I’m a musician. I play a couple of instruments, but mostly I am a vocalist. And one of the things that happened from when I first began to learn is requests to perform. It may have been from my father saying, “Roger, you’re not doing anything this afternoon, come with me and do something at the nursing home.” And as I got older I’d start saying, “Dad you need to give me some warning so that I can prepare.” And dad would go, “But you’ll do a good job and they’ll enjoy it no matter what.” I like to perform, but I want some notice before I’m asked.

I do like to prepare. I want to do my best when I perform, whether it is in worship and I’m helping the whole congregation sing with me or as a soloist before an audience. And that takes time in prayer, study, rehearsal, thought and more. And that sense of always working on preparation whether in music or preaching or other things is something that God uses to inspire in my performance.

Yet music in worship does bring me to one of the issues with which I contend. And that is I'm not always satisfied when I bring my best to worship or to God. It's the flip side of the Calvinist work for the glory of God. It's when we begin to be perfectionists. And we're not asked to be perfect though we are asked to bring our best.
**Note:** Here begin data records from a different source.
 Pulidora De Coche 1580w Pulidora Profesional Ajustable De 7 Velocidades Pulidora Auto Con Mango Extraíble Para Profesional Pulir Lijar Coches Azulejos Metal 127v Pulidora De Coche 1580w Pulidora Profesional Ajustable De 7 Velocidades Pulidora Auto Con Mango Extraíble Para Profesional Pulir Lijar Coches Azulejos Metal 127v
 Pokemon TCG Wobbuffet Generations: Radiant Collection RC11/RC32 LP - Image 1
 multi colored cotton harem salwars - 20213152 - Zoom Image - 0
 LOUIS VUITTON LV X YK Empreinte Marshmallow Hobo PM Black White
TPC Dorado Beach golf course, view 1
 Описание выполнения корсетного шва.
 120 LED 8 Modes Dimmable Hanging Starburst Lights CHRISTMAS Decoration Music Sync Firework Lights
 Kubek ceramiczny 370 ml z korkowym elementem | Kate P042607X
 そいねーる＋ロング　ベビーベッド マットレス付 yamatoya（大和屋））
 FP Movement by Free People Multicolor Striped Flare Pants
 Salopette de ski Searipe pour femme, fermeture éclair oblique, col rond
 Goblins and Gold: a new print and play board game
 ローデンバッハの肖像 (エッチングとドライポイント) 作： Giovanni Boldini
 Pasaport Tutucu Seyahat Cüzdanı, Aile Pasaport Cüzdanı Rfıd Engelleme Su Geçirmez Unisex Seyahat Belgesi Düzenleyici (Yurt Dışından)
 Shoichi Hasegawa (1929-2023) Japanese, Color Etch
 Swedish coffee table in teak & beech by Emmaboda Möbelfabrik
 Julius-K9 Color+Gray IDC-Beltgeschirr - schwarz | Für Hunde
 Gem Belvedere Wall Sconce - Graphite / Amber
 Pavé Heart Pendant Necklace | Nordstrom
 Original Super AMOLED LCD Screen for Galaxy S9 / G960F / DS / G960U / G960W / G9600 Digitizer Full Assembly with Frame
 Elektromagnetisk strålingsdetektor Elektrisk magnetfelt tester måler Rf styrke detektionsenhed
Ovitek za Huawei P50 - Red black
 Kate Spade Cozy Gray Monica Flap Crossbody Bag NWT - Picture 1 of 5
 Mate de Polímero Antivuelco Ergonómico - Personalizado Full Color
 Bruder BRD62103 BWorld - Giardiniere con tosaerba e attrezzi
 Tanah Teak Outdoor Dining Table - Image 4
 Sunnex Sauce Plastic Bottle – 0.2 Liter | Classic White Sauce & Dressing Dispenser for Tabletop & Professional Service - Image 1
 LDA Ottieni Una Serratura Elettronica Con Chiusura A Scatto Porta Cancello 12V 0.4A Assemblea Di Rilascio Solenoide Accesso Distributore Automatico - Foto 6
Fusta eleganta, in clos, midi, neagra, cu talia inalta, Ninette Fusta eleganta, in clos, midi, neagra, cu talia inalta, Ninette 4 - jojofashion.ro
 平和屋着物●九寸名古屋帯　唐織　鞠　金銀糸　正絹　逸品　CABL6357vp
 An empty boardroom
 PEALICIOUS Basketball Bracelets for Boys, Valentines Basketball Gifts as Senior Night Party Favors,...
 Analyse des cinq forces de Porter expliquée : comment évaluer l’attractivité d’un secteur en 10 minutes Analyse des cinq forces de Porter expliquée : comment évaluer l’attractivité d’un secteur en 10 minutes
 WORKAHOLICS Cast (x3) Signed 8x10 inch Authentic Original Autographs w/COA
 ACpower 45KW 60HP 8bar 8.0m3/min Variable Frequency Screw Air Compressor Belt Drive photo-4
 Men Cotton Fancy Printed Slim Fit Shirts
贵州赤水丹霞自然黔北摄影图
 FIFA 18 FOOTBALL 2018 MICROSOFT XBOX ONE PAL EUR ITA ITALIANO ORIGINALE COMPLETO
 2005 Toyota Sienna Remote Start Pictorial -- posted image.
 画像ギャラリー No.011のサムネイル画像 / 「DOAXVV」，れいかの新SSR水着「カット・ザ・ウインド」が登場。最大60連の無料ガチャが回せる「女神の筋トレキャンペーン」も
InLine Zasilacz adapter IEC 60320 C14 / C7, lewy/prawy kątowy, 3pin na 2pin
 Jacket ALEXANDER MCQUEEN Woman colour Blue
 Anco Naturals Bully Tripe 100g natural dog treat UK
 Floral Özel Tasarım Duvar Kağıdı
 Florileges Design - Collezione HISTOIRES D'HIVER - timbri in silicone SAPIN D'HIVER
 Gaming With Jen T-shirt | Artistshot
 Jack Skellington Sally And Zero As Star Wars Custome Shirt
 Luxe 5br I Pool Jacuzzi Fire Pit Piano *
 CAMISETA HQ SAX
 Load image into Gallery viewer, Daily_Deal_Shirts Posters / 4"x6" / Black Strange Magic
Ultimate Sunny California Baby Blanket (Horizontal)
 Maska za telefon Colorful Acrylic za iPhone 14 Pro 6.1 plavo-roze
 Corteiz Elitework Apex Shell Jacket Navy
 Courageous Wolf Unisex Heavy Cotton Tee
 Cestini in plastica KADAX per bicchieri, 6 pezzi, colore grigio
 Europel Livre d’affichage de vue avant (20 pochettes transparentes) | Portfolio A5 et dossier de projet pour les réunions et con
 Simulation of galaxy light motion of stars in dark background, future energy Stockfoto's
I can, acting as a musician/soloist, perform a piece that brings people to tears and go back and examine what I've done and find points to criticize. And that's what makes fundamentalism so attractive to me. In fundamentalism I find standards to meet and I can meet them. They are simple standards - do this and that and it will show that you are saved or say this and speak such and it will show what you believe. And that's not all wrong - James speaks to that show me your faith and I will show you my works. Works are not unrelated to faith.

Yet works are not the faith, but only signs. And making works more important than the one for whom they are done, as when I let my perfectionist streak run rampant, is futile. And it's less than futile for making works important is putting myself again under the law. And we've been ransomed from the slavery we to which we were condemned.

And yet the attractions of that slavery are still there. As a child, as slaves, life is easier. We don't have to make decisions; they're all made for us. But we are called to grow up. Instead of just understanding that the stove is hot - don't touch; we grow to understand how to feel if the stove is hot or cold and, perhaps, even realize that when the pot of hot water is spilling towards a child we will burn ourselves deliberately for another.

There are rules for a child or for a slave that don't work for grown-ups. Or, more accurately, they work differently. The decisions and actions aren't quite so simple as we become more mature.